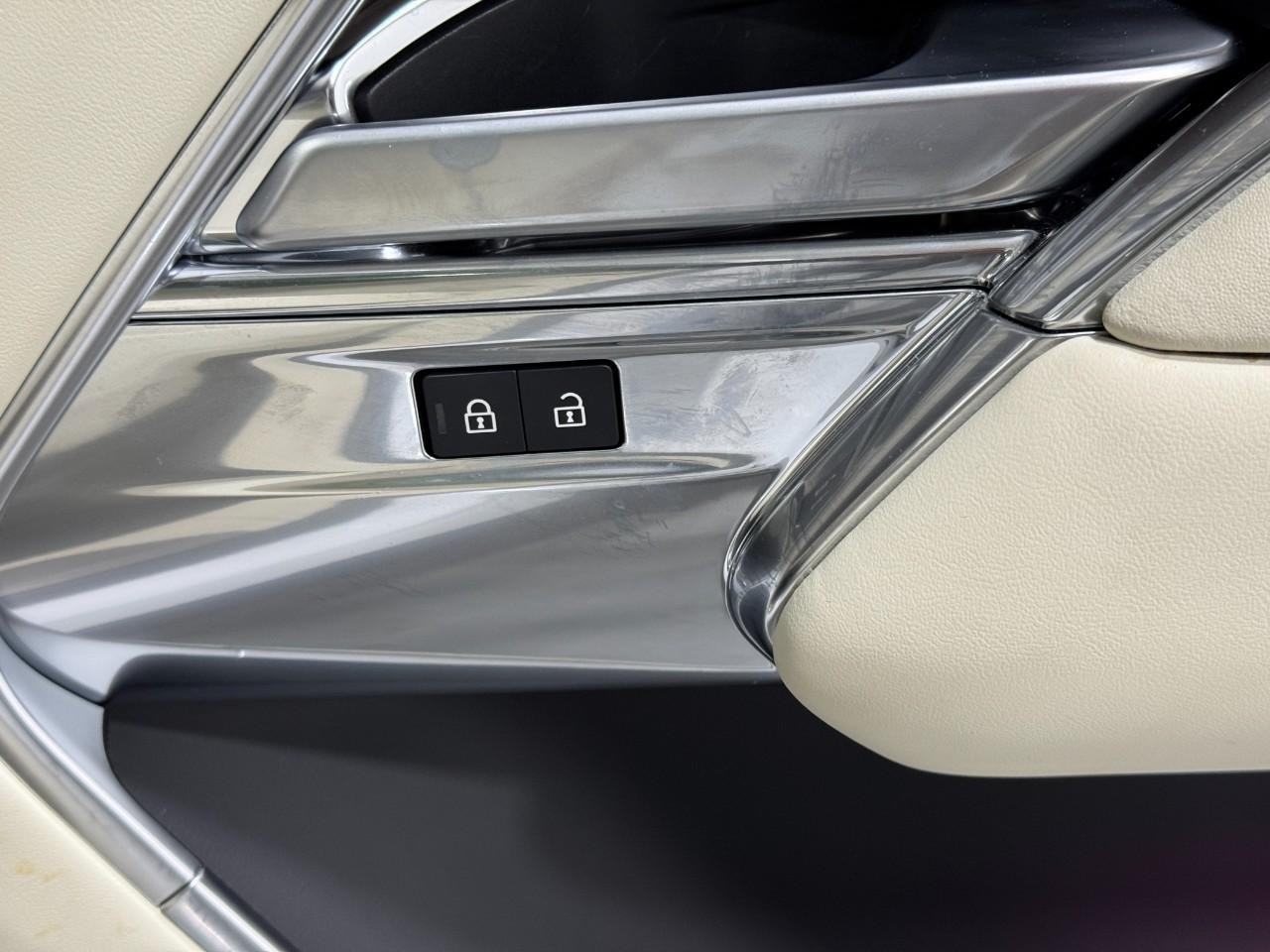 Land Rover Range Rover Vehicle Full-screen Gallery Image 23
...
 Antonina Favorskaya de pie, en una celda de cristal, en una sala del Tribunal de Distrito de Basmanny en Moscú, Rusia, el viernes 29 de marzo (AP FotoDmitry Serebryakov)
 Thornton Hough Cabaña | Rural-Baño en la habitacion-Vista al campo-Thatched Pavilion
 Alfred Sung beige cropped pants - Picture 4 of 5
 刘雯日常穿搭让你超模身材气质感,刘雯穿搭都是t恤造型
---
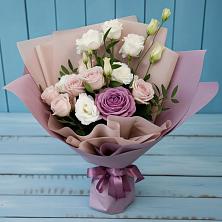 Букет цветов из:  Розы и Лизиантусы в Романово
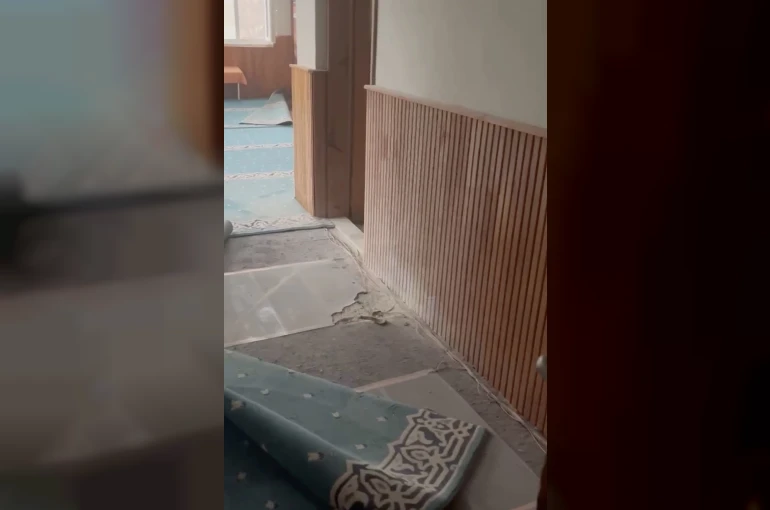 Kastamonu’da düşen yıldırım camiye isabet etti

→ **What needs to be done**
Your answer must consist solely of the lines above between the line holding "Thornton Hough Cabaña" and the line holding "刘雯日常穿搭让你超模身材气质感,刘雯穿搭都是t恤造型", inclusive, copied exactly.

→ **Your solution**
 Thornton Hough Cabaña | Rural-Baño en la habitacion-Vista al campo-Thatched Pavilion
 Alfred Sung beige cropped pants - Picture 4 of 5
 刘雯日常穿搭让你超模身材气质感,刘雯穿搭都是t恤造型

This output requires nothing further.